I believe we have tried stopping and starting the replication objects, but it’s possible we did that wrong.

Just to clarify, if we have 2 databases where database A has a pull replicator and database B has push and pull replicators, we should be manually stopping all three replicators (just using pusher.stop() etc. ), correct? And to restart, do we just call the .start() method on each replicator, or will we need to recreate any authenticator objects or the replicators themselves? We are currently just using basic auth.

And yeah sure, I can upload the full stack trace. Is there a preferred way to upload these? It’s a bit long so I don’t want to blow up the post by pasting it in.

Thanks for the quick response!


Yes, you should be stopping all the replicators using stop(). And start() should restart it

I don’t know what @borrrden prefers but one option would be fir you to create a gist with the traces and point us to that ?


Thanks for the suggestion!

Full stack trace is in this gist:

Let me know if you have trouble viewing it. I’m not sure how the iPad console logging works - it looks like the stack trace is repeated a few times with slight variations, so I just included all of them.

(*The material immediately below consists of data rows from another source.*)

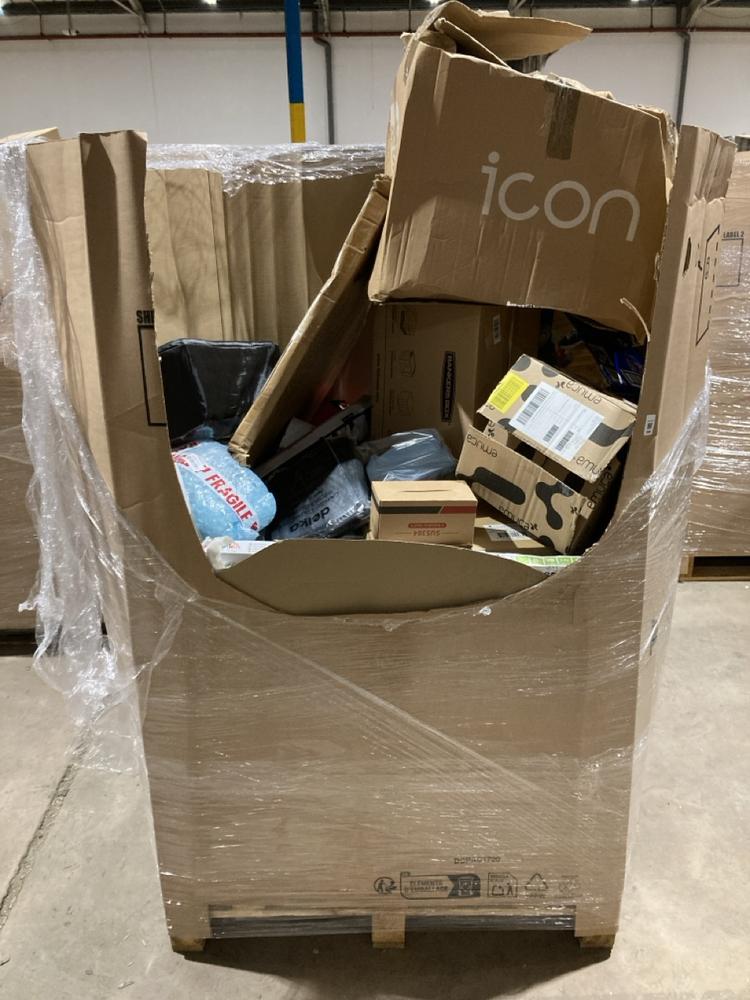 Lot 840  
            Birmingham SR106 - Collection or Optional Delivery Available 

                
PALLET OF ITEMS TO INCLUDE METAL LACE WALL MIRROR (ALL PALLET CONTENTS MUST BE RE...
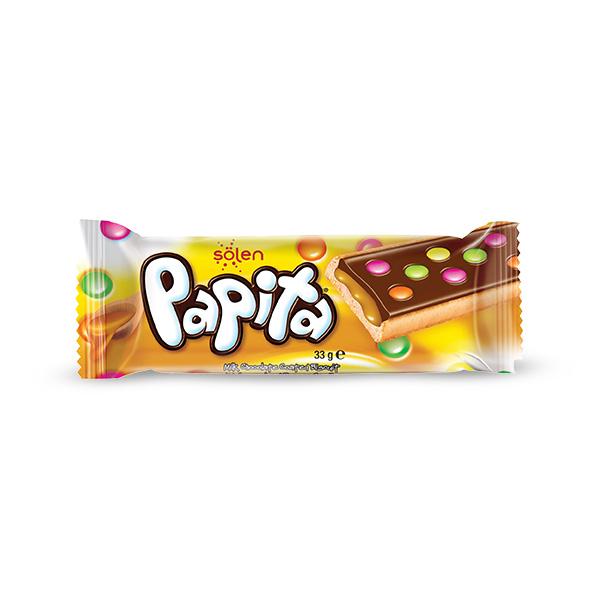 SOLEN Čokoladica sa karamelom Papita, 33 g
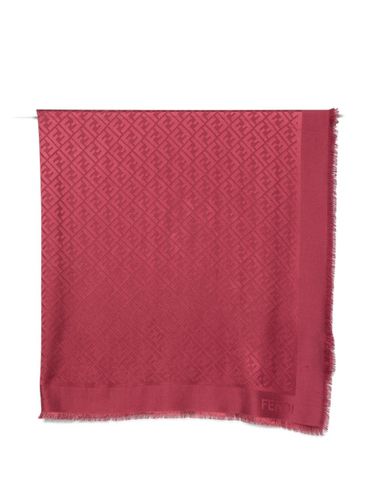 Fendi Ff Wool And Silk Shawl - Fendi - Modalova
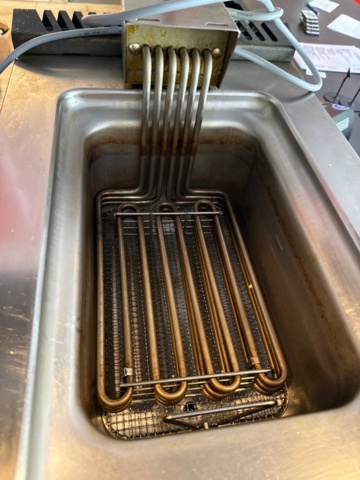 1535515-11 Kebabgrill, fritös och bain-marie - Potis / Kromet / Exxent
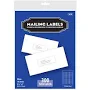 Bazic 1" X 2 5/8" White Address Labels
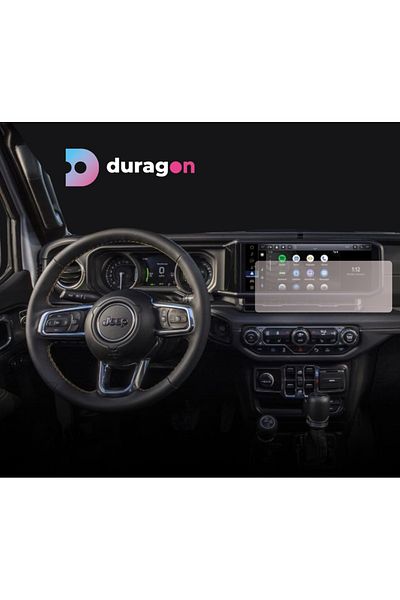 Jeep Navigation Protection Film Jeep Wrangler 4xe 2023+, Duragon, Matte silicone, installation kit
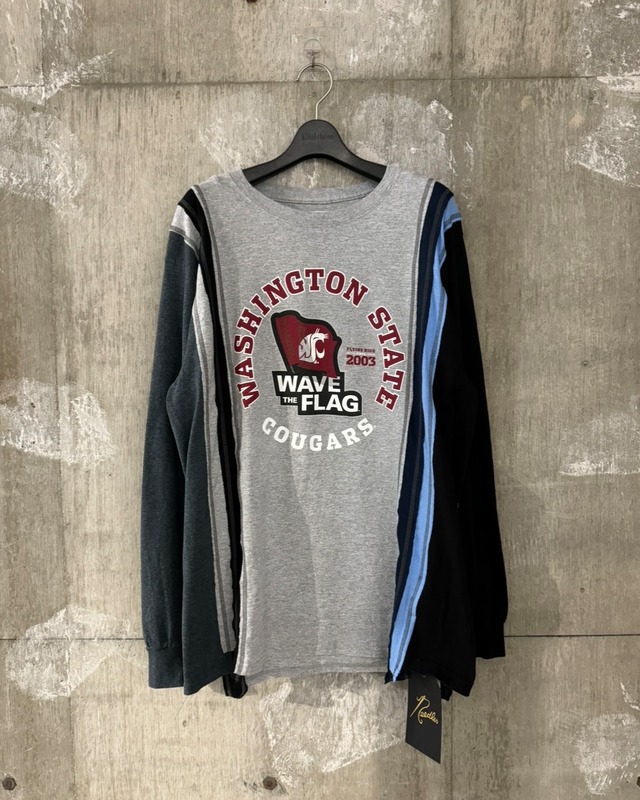 【Rebuild by NEEDLES】7 CUTS COLLEGE L/S TEE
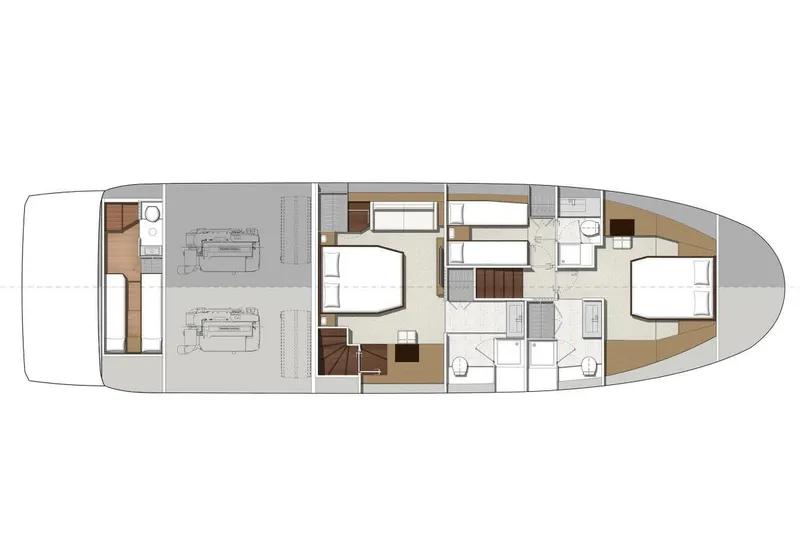 Slide: The Image of Manufacturer Provided Image: 2018 Prestige 630 yacht floor plan with detailed interior layout. - 95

Pretty much this exact stack trace has been reported upstream…back in February…with no response…

I might have to do what the person who filed this did and modify the library to just swallow this exception.

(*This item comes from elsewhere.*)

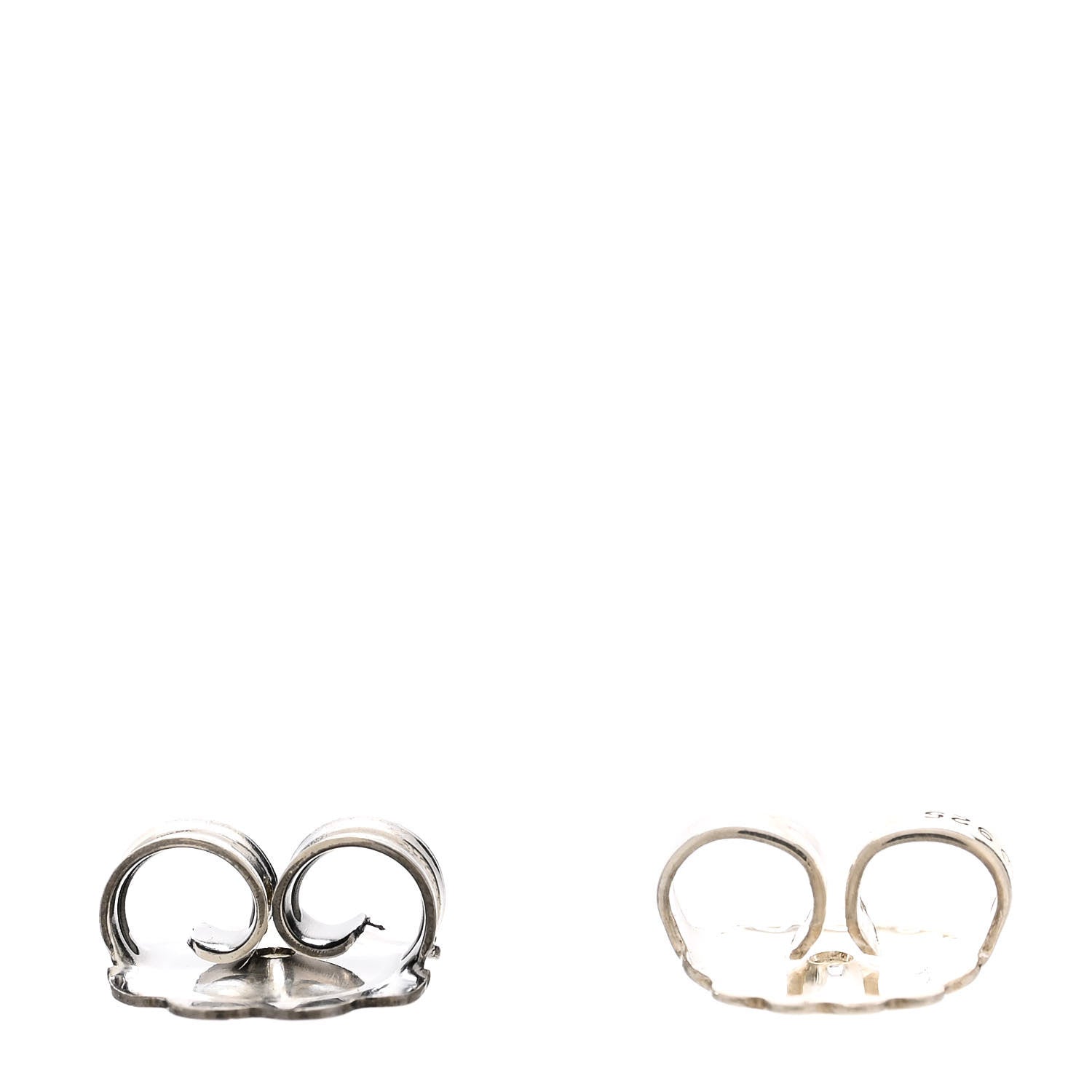 John Hardy Sterling Silver Black Sapphire Hoop Earrings 5 of 5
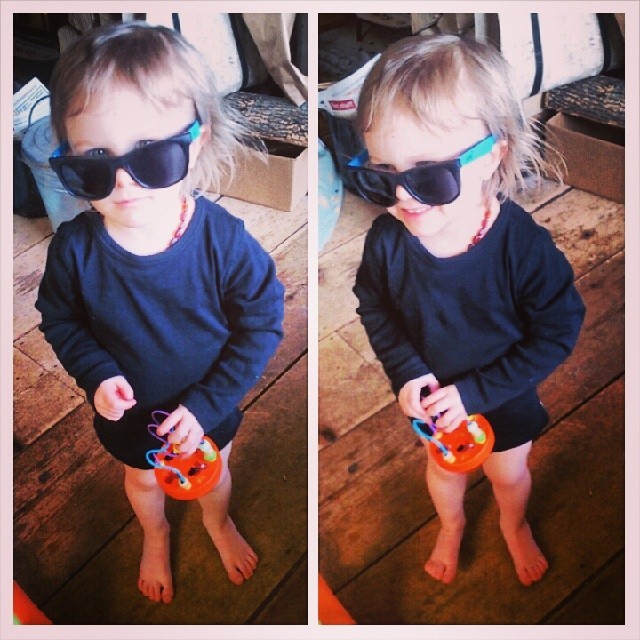 havocados:  too fresh #ofam #dealwithit  Coolest kid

Ah, thanks for pointing me in that direction.

I’m sure you guys are plenty busy with CB Lite 2.0 work, but does this mean you might patch this into 1.4? And if so, when might we expect something like that to make its way into a public release? Unfortunately we are stuck using pre-2.0 CB Lite due to .NET Standard issues, and our business requirements mean we need to use SSL which is the root problem here.

If we end up having to modify the WebSocket-Sharp code ourselves to catch that exception, do you think there would be any concern about memory leaks if the SSLStream is not properly being Disposed?

We’re very close to using Couchbase in our production-ready solutions, and this is one of the last few things really keeping us back in our evaluation, so I appreciate you helping us out so quickly!


We just released 1.4.1 today actually, but as you can imagine that means that it has been frozen for a few weeks at this point so a fix for this will not be present. That means that the focus is back on 2.0 now and any 1.x related changes will be put into the backlog for a while (especially for .NET, where it is just one person running the whole thing). Furthermore there is an ongoing discussion we are having about when to put out patches since our Server product has an established model that we are not currently following (see their Enterprise Edition vs Community Edition summary). Modifying the section in question yourself from a tagged commit of Couchbase is going to be the easiest and least disruptive way to get this fix I think (unless you are already paying for Couchbase, in which case you should raise the issue through the support channels and it will be handled in a different way than getting reported through the forums).

As far as your concern about memory leaks, I would think just the reverse. If you catch the exception and allow the logic to continue I think memory leaks would be less likely. They aren’t that likely to begin with because of the finalizer and garbage collection environment (unless you mean reference cycles that keep managed objects alive. Memory leaks to me are at the native level).


Awesome, thanks for all the feedback!